While we were looking for a property we looked around alora and explored the ardales area which has lakes and there is a nice restearant by the side of the road. I hope it's still open. We loved being able to swim in the lakes never been up there for a while so maybe someone else can advise. Also there is El torcal national park not far away. Also antequera and Fuente de la piedra.


----------



## JPRocks (Jun 11, 2014)

In Coin there is a bar that serves great food as well called The Olive Tree run by expats and their Sunday roast is perfect...


----------



## On-the-move (May 26, 2014)

JPRocks said:


> In Coin there is a bar that serves great food as well called The Olive Tree run by expats and their Sunday roast is perfect...


Thanks for the tip  Sounds like it will be worth a visit


----------



## jojo (Sep 20, 2007)

We lived fairly close to Coin and we noticed that because of the recession, the factories and the Poligono/industrial estate made the town a bit of a ghost town.

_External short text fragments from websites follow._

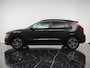 Kia Niro Hybrid 1.6 GDi PHEV Plug-in DynamicPlusLine - Navigatie - Camera - Lederen bekleding - Harman Kardon - Stoelverwarming - LED koplampen - Fabrieksgarantie tot 06-2030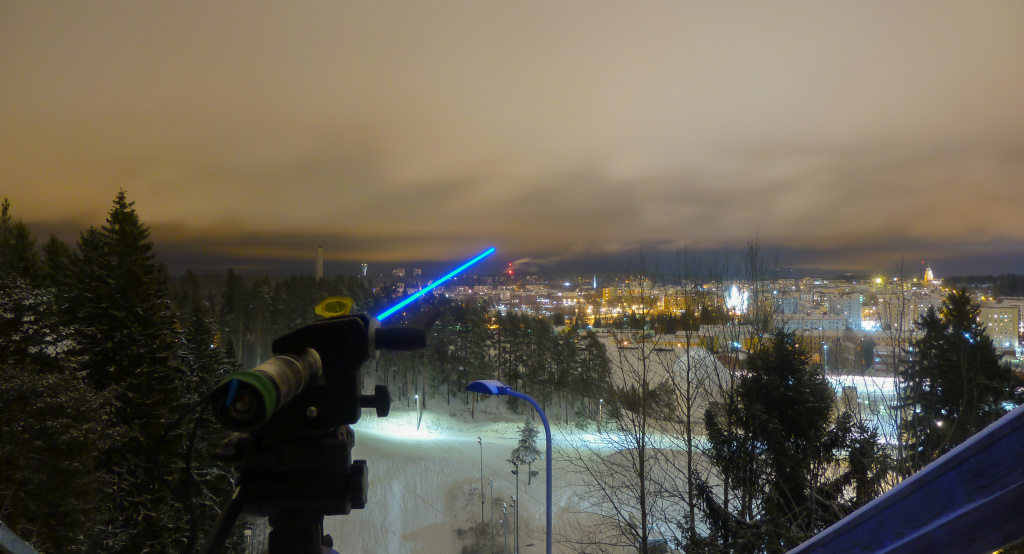 P1110947.jpg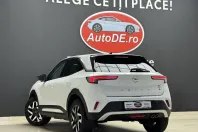 Opel Mokka din 2023 cu 102.937 km - oferta OPE166179 - foto 3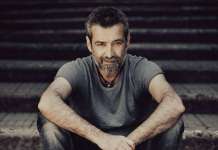 Canta con Kant, Daniele Silvestri in concerto e il programma del 14 ottobre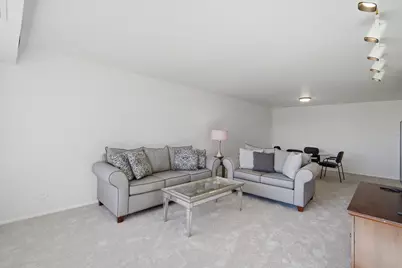 [Address not provided], Glenview, IL 60025 - Photo 7
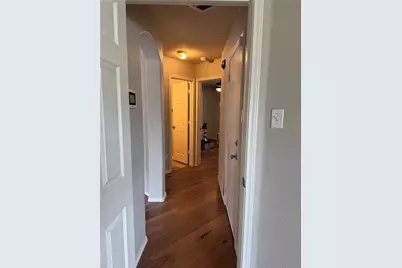 328 Altamont Street, Hutto, TX 78634 - Photo 11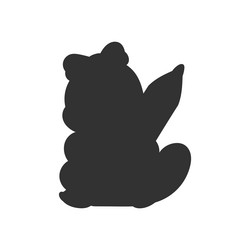 Similar image 21889780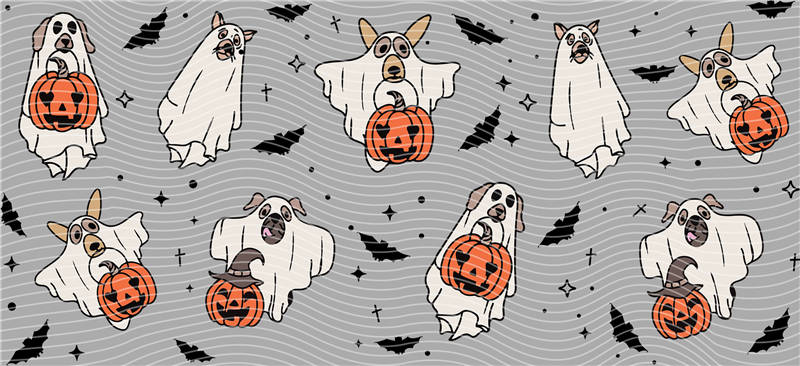 16oz Halloween-J 54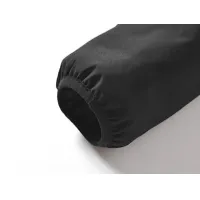 $88.00 USD Dolce & Gabbana D&G Jackets Long Sleeved For Men #1395305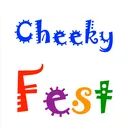@cheekyfest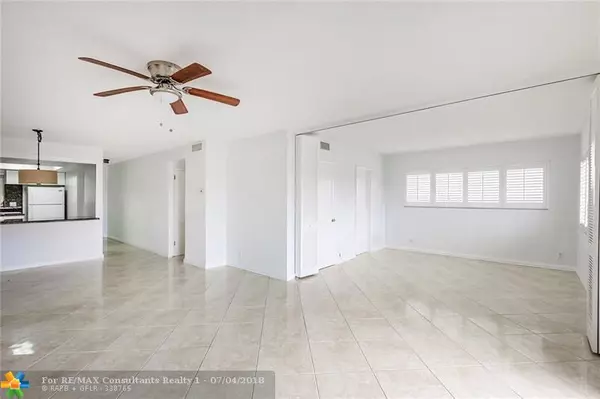 Fort Lauderdale, FL 33306,2841 NE 33rd Ct  #301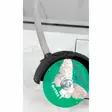Timanttilaikka Distar 45x0,6x5,8F Butterfly - Timanttilaikat laatoittajille - 11133053027 - 4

But maybe its picking up again??!!! The town itself is very quaint tho

Jo xxx


----------



## Allie-P (Feb 11, 2013)

I don't live there but, from the local paper, there is always something going on at, The Olive Tree - music/ tribute band nights etc.

They seem to have a very strong expat community, with plenty to do & to join.

La Cala, where I live, isn't so fortunate - or, I haven't found them !!


----------